_Required work_
Repeat exactly the lines of the records below, starting at the line containing "Новый переключатель стеклоподъемника" and ending at the line containing "KKTOP - CoolFlow™". Leave the pictures out.

_Material provided_
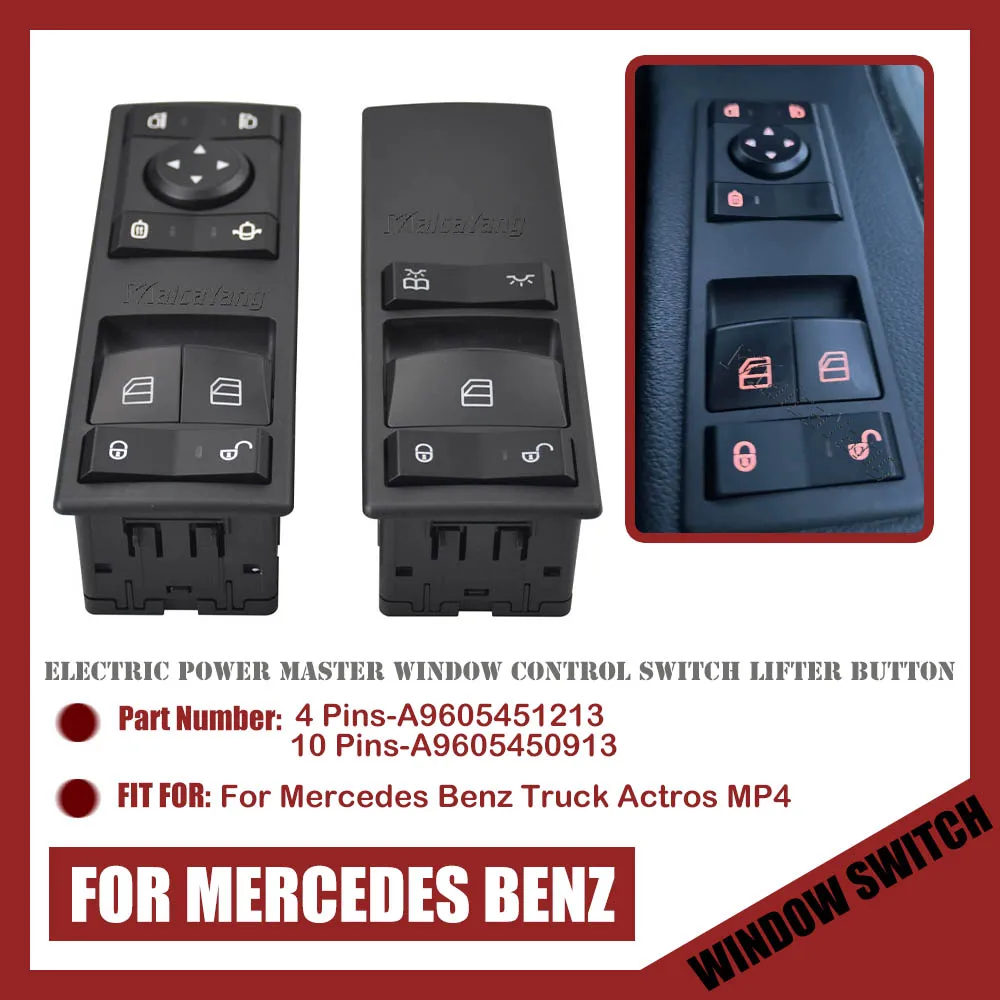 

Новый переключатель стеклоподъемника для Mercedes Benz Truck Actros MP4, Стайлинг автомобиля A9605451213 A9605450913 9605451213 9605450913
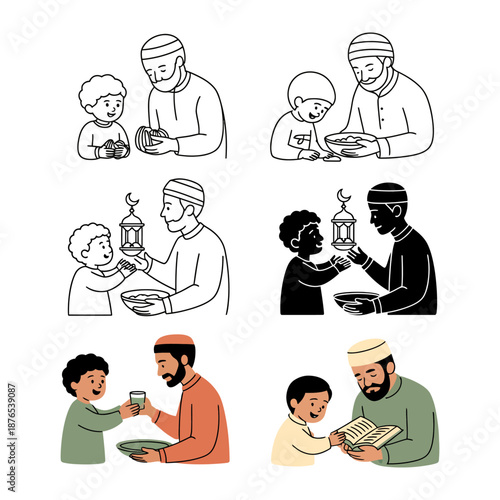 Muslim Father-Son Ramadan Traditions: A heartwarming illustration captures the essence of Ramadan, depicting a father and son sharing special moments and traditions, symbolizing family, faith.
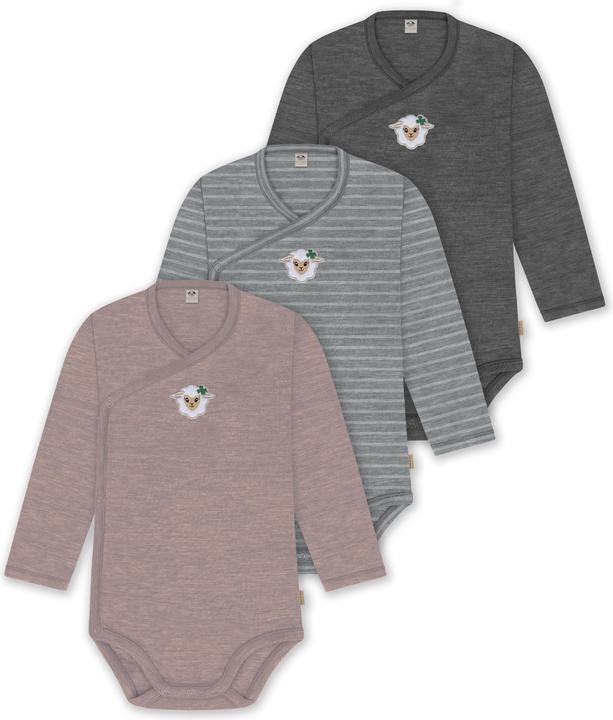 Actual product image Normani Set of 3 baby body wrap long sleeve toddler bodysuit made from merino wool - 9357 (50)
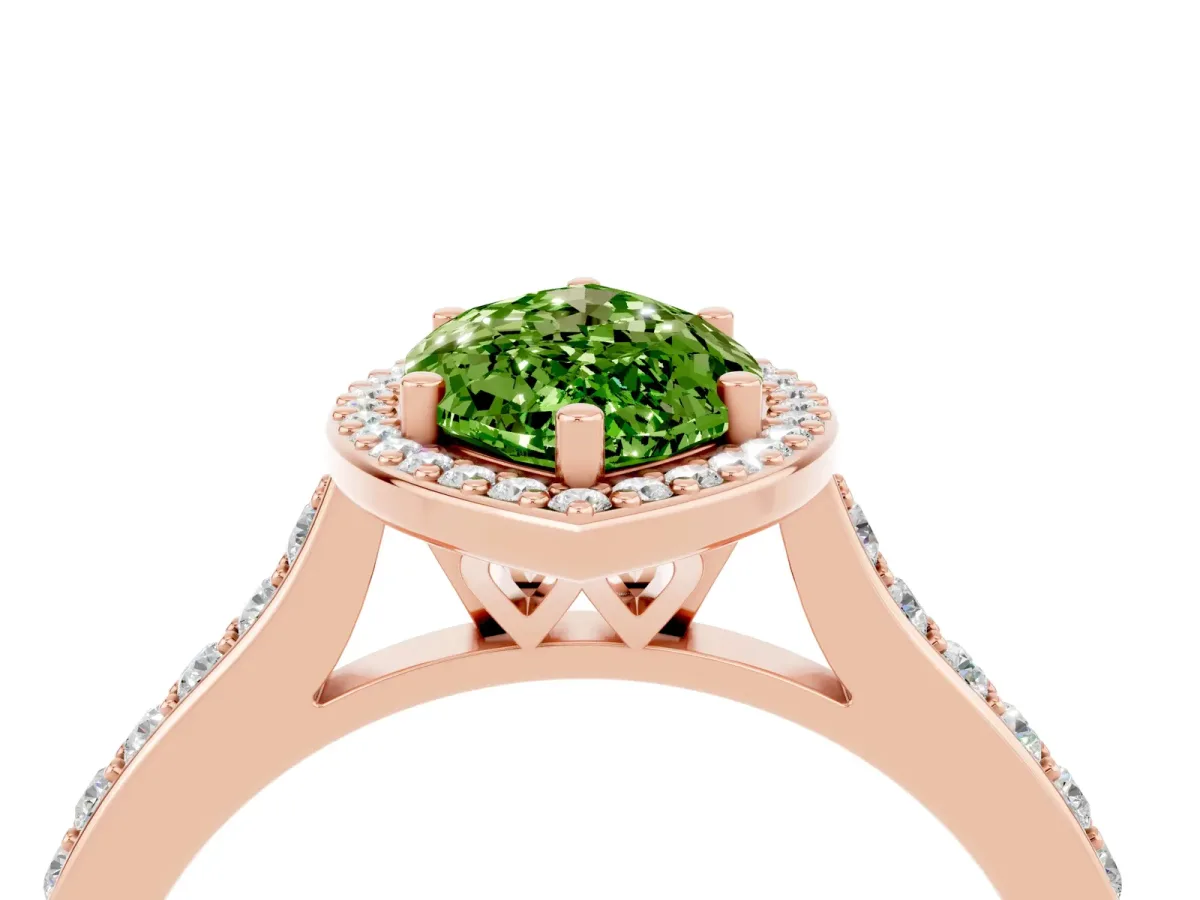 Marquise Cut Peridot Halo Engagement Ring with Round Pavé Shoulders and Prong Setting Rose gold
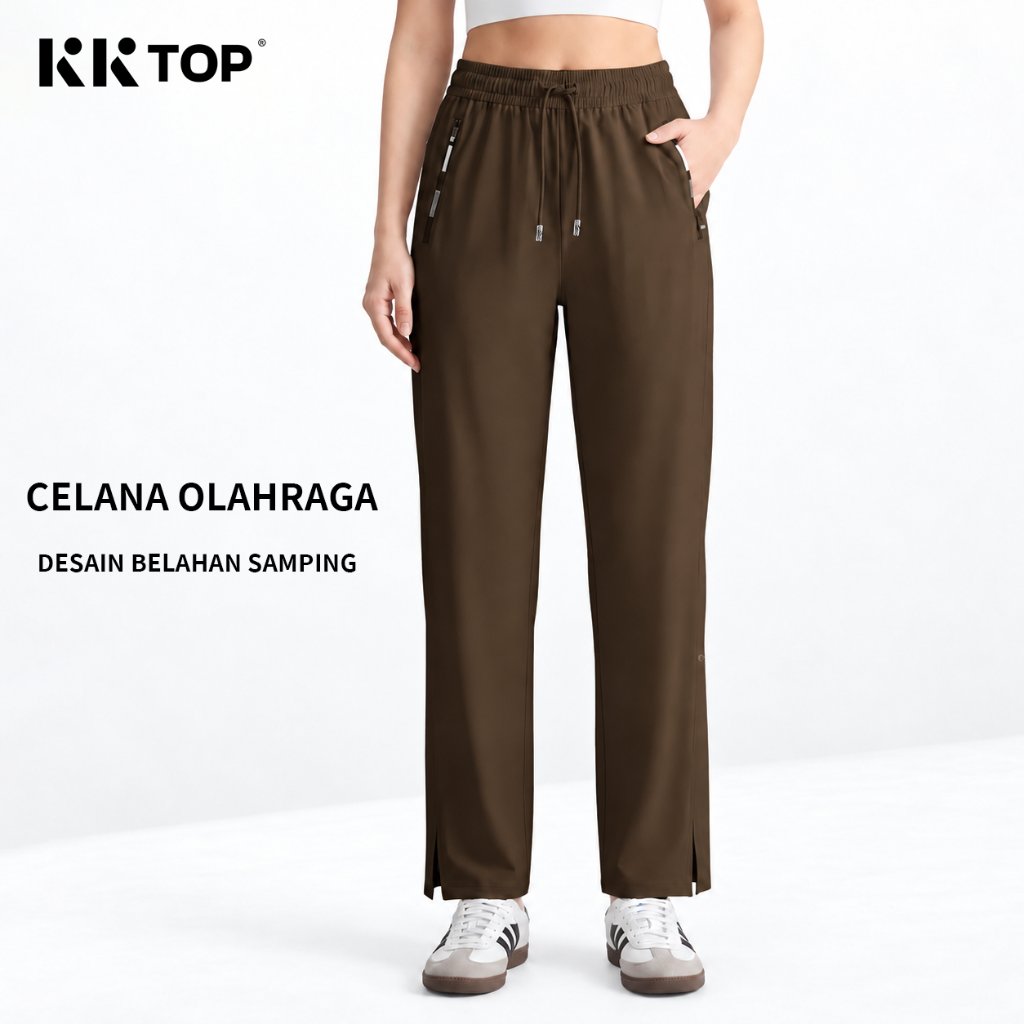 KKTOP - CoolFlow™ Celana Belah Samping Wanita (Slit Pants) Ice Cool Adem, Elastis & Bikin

---

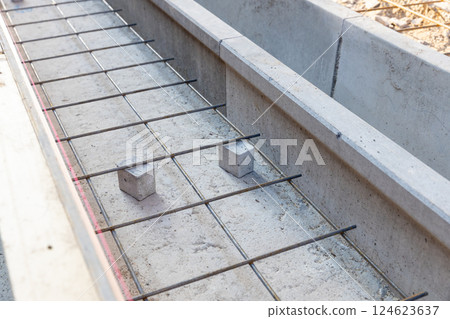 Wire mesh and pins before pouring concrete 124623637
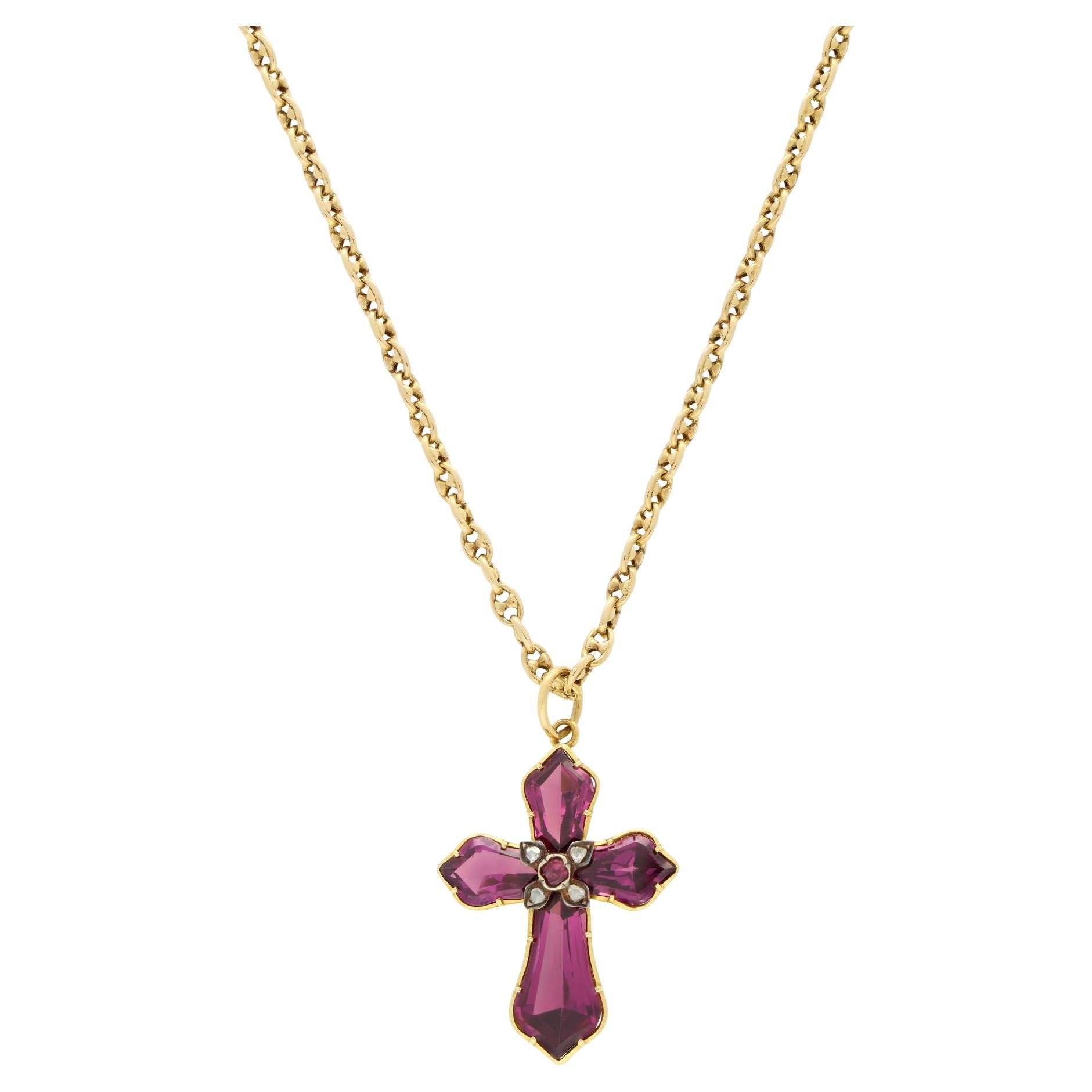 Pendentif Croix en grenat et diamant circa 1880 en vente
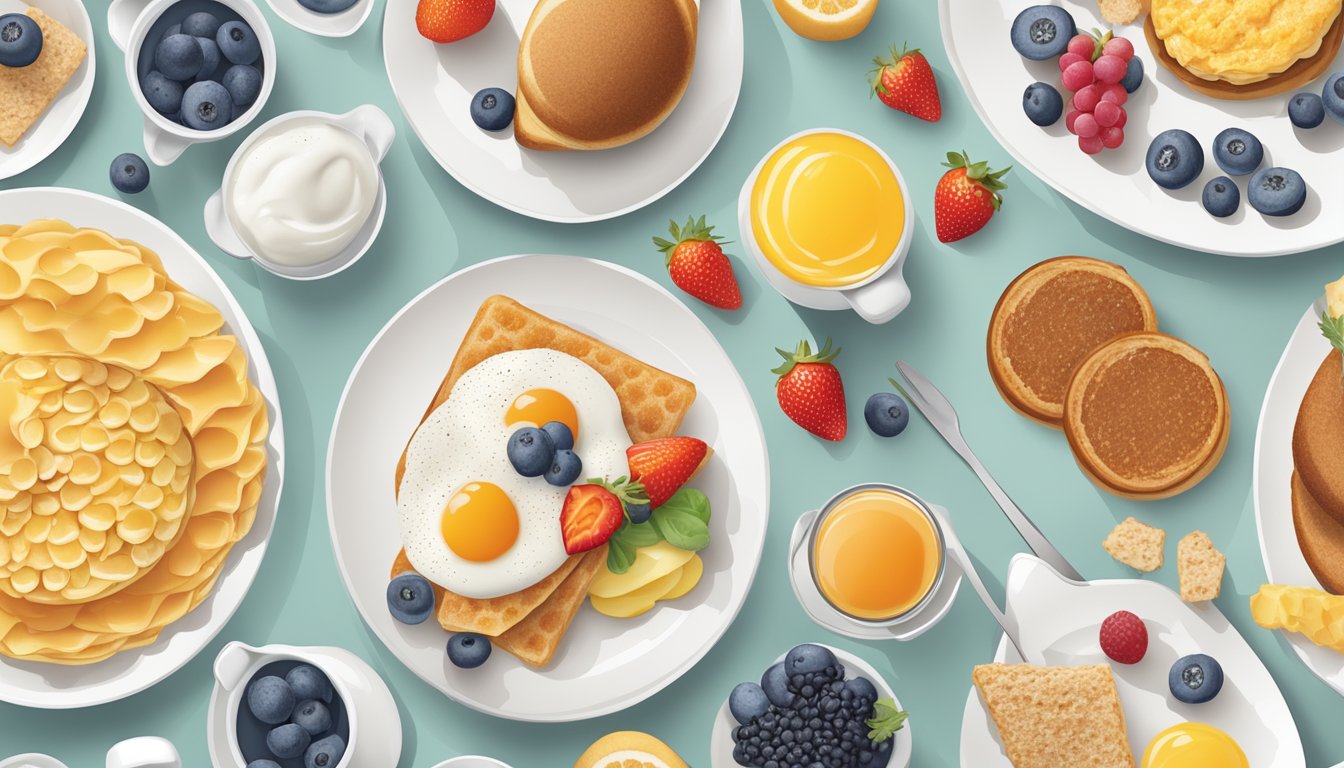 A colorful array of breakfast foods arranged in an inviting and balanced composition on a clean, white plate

_Worked solution_
Новый переключатель стеклоподъемника для Mercedes Benz Truck Actros MP4, Стайлинг автомобиля A9605451213 A9605450913 9605451213 9605450913
 Muslim Father-Son Ramadan Traditions: A heartwarming illustration captures the essence of Ramadan, depicting a father and son sharing special moments and traditions, symbolizing family, faith.
 Actual product image Normani Set of 3 baby body wrap long sleeve toddler bodysuit made from merino wool - 9357 (50)
 Marquise Cut Peridot Halo Engagement Ring with Round Pavé Shoulders and Prong Setting Rose gold
 KKTOP - CoolFlow™ Celana Belah Samping Wanita (Slit Pants) Ice Cool Adem, Elastis & Bikin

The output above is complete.